**Requirement**
Starting with the opening line of the material, restate every line word for word, and end on the line containing "AIP baked cinnamon".
--------------------------------------------------
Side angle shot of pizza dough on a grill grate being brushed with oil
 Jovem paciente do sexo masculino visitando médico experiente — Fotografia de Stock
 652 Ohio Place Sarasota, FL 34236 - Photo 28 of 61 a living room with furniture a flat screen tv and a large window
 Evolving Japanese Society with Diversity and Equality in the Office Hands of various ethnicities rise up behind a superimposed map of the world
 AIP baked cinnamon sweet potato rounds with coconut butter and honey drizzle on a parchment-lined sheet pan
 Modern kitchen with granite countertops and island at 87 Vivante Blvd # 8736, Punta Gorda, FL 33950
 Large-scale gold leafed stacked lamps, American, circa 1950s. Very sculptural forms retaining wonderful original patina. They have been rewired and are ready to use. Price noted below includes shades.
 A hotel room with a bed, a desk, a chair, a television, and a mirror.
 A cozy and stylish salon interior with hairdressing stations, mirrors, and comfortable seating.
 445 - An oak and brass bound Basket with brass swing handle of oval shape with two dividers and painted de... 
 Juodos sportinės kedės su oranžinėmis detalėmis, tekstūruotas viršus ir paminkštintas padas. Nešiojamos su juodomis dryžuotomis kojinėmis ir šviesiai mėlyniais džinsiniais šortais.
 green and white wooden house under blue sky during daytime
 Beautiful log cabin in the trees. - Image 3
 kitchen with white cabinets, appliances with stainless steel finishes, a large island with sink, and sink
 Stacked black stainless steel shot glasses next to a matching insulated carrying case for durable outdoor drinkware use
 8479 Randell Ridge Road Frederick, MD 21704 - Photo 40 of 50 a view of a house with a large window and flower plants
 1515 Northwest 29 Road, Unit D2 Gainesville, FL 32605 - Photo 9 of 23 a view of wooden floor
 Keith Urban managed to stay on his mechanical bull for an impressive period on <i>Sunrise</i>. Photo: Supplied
--------------------------------------------------
**Problem solution**
Side angle shot of pizza dough on a grill grate being brushed with oil
 Jovem paciente do sexo masculino visitando médico experiente — Fotografia de Stock
 652 Ohio Place Sarasota, FL 34236 - Photo 28 of 61 a living room with furniture a flat screen tv and a large window
 Evolving Japanese Society with Diversity and Equality in the Office Hands of various ethnicities rise up behind a superimposed map of the world
 AIP baked cinnamon sweet potato rounds with coconut butter and honey drizzle on a parchment-lined sheet pan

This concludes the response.